And that would be static scheduling. So it's already fixed by the framework. The OpenMP framework has already decided exactly how the threads are going to operate on those particular strips of the image. And that's great, because there's really no synchronization. The synchronization only happens at the end, when all of the threads are done. There's no coordination between any of the threads on which stripe they're actually gonna work on. It's predetermined before they even start.

The problem is, what happens if that workload is not exactly balanced? So, in this particular case, maybe a slight exaggeration, but suppose that the image was such that you had a very white background that was very uniform at the very top of the image, but a lot more detail and a group shot of people actually in an image. There would be a lot more processing that would need to take place on the lower part of the image to detect the face.

So, you could actually have this broken up such that, for a given image, one thread takes a lot longer than the rest of the image actually takes. And so, you would not want a static scheduling in this case. You would want more of a dynamic. Now, you can actually change it a little bit and still have static scheduling by basically doing round robin.

So, you can change the chunk size. So, I told you that if we had 16 stripes in the image and we broke that up by four threads, the first thread would get zero through four. Well, maybe those are the first four stripes on the bottom that have a lot of detail, and the top part of the image, which is all white, would be the last four. Well, they would still go really fast, but if you round robined that such that the first thread got zero and the second one got stripe number one, then you kind of even out the workload a little bit.

The problem is that you can still end up with an imbalanced workload, but not nearly as severe. But again, we can improve on that. So, what we can do is we can actually say dynamic. It says that each thread works on one stripe, and only when it's complete does it go back and actually get the next one.

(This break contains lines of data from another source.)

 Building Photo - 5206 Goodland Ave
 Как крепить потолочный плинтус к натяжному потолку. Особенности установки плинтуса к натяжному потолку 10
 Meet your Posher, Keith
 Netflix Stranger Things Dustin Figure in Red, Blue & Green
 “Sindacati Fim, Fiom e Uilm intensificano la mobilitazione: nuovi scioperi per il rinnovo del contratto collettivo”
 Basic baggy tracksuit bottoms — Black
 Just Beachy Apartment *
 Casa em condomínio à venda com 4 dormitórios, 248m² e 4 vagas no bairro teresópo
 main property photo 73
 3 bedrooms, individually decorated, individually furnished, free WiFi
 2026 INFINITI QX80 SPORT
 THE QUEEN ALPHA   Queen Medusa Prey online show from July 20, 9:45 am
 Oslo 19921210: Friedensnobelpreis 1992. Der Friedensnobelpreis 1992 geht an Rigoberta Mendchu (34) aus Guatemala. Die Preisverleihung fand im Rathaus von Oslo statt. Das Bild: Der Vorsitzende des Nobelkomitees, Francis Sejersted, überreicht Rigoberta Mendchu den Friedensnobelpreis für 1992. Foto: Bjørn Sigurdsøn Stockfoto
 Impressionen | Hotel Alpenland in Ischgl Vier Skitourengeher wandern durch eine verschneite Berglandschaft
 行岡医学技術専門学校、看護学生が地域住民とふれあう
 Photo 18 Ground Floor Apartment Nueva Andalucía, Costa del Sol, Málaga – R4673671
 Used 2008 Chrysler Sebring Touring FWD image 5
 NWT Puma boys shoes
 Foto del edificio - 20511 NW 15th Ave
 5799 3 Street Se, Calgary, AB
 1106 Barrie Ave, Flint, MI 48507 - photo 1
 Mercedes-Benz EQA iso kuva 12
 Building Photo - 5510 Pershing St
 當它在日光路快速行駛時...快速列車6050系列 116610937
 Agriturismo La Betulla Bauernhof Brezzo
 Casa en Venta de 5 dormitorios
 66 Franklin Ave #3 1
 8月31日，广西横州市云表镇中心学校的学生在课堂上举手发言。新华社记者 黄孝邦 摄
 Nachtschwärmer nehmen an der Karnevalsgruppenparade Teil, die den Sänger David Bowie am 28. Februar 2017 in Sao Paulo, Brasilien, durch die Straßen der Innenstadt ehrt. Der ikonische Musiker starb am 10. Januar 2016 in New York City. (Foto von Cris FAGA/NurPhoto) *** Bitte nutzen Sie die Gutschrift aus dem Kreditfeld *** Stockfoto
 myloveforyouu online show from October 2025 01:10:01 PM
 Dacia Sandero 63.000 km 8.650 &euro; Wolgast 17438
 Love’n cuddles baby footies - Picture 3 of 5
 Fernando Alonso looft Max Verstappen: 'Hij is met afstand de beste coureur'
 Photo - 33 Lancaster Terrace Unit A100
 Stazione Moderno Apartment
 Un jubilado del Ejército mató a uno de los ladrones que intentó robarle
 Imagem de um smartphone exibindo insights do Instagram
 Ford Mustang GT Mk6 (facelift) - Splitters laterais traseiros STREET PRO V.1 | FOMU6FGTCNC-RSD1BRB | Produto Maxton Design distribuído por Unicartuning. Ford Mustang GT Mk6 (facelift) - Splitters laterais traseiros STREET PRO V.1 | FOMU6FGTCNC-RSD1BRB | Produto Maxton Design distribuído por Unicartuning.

Now, the problem is with this is that you have a little bit more overhead because now every time I finish a thread, I have to do some synchronization with the framework to say, okay, what is the next stripe that I have to work on? Is it, you know, is it one or is it two? Is it number 16? But you get a more balanced view. So, as long as the workload per stripe is fairly large versus the synchronization of overhead, then dynamic actually works pretty well. And that's actually what's actually been implemented in the OpenCV framework library.

So, I told you that Intel Performance Libraries support OpenMP as well, because we saw that in the Shark profiles. So, the problem that we have is that we have our main application, which has no threading. We're using the QuickTime framework, which has its own implementation, whatever that may be, that Apple has provided. Then we have the Object Detection OpenCV Library framework, which is using OpenMP. Thank you.

So every time you crawl that library, it's going to basically, if you don't give it any parameters, it's going to invoke as many threads as there are cores on the system. But for every one of the libraries that we load in the Intel Performance Libraries, it's also, those are independent modules. When they get initialized, they are also using OpenMP, and so they're also creating as many threads as are in the libraries.

When we actually looked at the Shark profile, we saw that KMP fork was like 20% or 25% of the actual workload. Turns out that one of the things that OpenMP does is it likes to not have threads be context switched out in case its synchronization objects are available immediately or soon after it needs it. So we actually enter spin weights, and that's what you're actually seeing is spin weights. But the problem with spin weights is that as long as you're holding on to the CPU, nothing else can actually get scheduled.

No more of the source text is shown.